Data to process:
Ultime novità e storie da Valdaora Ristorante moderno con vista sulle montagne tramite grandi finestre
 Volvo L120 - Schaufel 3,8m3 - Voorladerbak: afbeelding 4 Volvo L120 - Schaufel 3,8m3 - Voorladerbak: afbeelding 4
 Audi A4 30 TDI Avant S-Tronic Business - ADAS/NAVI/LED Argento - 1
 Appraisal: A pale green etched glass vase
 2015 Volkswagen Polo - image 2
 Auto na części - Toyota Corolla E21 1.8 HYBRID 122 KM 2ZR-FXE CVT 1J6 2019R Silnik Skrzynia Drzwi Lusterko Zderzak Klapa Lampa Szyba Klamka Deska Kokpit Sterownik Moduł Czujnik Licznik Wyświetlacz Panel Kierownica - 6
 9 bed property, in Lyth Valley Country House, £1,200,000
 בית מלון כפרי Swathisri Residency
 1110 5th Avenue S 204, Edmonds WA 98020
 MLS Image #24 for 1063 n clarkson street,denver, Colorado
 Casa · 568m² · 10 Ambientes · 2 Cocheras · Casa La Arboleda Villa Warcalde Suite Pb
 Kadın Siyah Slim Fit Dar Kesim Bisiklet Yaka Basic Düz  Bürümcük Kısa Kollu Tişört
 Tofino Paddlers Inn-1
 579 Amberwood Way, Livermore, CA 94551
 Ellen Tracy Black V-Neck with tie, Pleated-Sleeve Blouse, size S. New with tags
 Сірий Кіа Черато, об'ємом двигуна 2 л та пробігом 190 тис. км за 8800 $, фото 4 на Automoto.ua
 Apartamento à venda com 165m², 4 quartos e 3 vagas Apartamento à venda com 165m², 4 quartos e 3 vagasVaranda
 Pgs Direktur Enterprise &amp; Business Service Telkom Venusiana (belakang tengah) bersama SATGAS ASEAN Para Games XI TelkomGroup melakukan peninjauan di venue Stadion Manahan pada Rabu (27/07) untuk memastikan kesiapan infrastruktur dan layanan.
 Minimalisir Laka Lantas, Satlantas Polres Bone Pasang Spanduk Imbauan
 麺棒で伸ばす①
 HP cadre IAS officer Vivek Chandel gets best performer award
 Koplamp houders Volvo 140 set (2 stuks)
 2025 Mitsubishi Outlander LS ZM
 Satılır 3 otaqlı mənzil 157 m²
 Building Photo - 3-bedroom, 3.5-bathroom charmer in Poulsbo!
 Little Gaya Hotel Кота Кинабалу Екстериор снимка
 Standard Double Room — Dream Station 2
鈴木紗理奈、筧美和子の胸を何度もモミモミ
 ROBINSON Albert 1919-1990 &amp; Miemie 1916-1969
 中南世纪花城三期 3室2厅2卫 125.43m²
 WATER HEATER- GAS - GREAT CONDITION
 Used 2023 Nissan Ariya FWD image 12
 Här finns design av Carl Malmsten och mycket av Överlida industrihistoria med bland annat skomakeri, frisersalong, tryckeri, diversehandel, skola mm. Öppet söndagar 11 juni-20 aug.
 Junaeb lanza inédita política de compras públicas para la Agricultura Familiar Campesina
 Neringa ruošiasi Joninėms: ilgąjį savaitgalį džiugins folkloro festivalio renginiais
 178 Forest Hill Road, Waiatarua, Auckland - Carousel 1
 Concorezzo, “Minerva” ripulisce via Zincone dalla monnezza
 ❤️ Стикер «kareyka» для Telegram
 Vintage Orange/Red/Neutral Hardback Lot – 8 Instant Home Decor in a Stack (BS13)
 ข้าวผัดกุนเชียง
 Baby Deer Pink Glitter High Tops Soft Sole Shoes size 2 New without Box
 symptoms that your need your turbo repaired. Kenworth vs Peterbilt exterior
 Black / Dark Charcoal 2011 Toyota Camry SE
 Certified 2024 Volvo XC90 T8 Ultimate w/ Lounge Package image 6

Activity: The output should be a character-exact copy of all entries.

Solved exercise:
Ultime novità e storie da Valdaora Ristorante moderno con vista sulle montagne tramite grandi finestre
 Volvo L120 - Schaufel 3,8m3 - Voorladerbak: afbeelding 4 Volvo L120 - Schaufel 3,8m3 - Voorladerbak: afbeelding 4
 Audi A4 30 TDI Avant S-Tronic Business - ADAS/NAVI/LED Argento - 1
 Appraisal: A pale green etched glass vase
 2015 Volkswagen Polo - image 2
 Auto na części - Toyota Corolla E21 1.8 HYBRID 122 KM 2ZR-FXE CVT 1J6 2019R Silnik Skrzynia Drzwi Lusterko Zderzak Klapa Lampa Szyba Klamka Deska Kokpit Sterownik Moduł Czujnik Licznik Wyświetlacz Panel Kierownica - 6
 9 bed property, in Lyth Valley Country House, £1,200,000
 בית מלון כפרי Swathisri Residency
 1110 5th Avenue S 204, Edmonds WA 98020
 MLS Image #24 for 1063 n clarkson street,denver, Colorado
 Casa · 568m² · 10 Ambientes · 2 Cocheras · Casa La Arboleda Villa Warcalde Suite Pb
 Kadın Siyah Slim Fit Dar Kesim Bisiklet Yaka Basic Düz  Bürümcük Kısa Kollu Tişört
 Tofino Paddlers Inn-1
 579 Amberwood Way, Livermore, CA 94551
 Ellen Tracy Black V-Neck with tie, Pleated-Sleeve Blouse, size S. New with tags
 Сірий Кіа Черато, об'ємом двигуна 2 л та пробігом 190 тис. км за 8800 $, фото 4 на Automoto.ua
 Apartamento à venda com 165m², 4 quartos e 3 vagas Apartamento à venda com 165m², 4 quartos e 3 vagasVaranda
 Pgs Direktur Enterprise &amp; Business Service Telkom Venusiana (belakang tengah) bersama SATGAS ASEAN Para Games XI TelkomGroup melakukan peninjauan di venue Stadion Manahan pada Rabu (27/07) untuk memastikan kesiapan infrastruktur dan layanan.
 Minimalisir Laka Lantas, Satlantas Polres Bone Pasang Spanduk Imbauan
 麺棒で伸ばす①
 HP cadre IAS officer Vivek Chandel gets best performer award
 Koplamp houders Volvo 140 set (2 stuks)
 2025 Mitsubishi Outlander LS ZM
 Satılır 3 otaqlı mənzil 157 m²
 Building Photo - 3-bedroom, 3.5-bathroom charmer in Poulsbo!
 Little Gaya Hotel Кота Кинабалу Екстериор снимка
 Standard Double Room — Dream Station 2
鈴木紗理奈、筧美和子の胸を何度もモミモミ
 ROBINSON Albert 1919-1990 &amp; Miemie 1916-1969
 中南世纪花城三期 3室2厅2卫 125.43m²
 WATER HEATER- GAS - GREAT CONDITION
 Used 2023 Nissan Ariya FWD image 12
 Här finns design av Carl Malmsten och mycket av Överlida industrihistoria med bland annat skomakeri, frisersalong, tryckeri, diversehandel, skola mm. Öppet söndagar 11 juni-20 aug.
 Junaeb lanza inédita política de compras públicas para la Agricultura Familiar Campesina
 Neringa ruošiasi Joninėms: ilgąjį savaitgalį džiugins folkloro festivalio renginiais
 178 Forest Hill Road, Waiatarua, Auckland - Carousel 1
 Concorezzo, “Minerva” ripulisce via Zincone dalla monnezza
 ❤️ Стикер «kareyka» для Telegram
 Vintage Orange/Red/Neutral Hardback Lot – 8 Instant Home Decor in a Stack (BS13)
 ข้าวผัดกุนเชียง
 Baby Deer Pink Glitter High Tops Soft Sole Shoes size 2 New without Box
 symptoms that your need your turbo repaired. Kenworth vs Peterbilt exterior
 Black / Dark Charcoal 2011 Toyota Camry SE
 Certified 2024 Volvo XC90 T8 Ultimate w/ Lounge Package image 6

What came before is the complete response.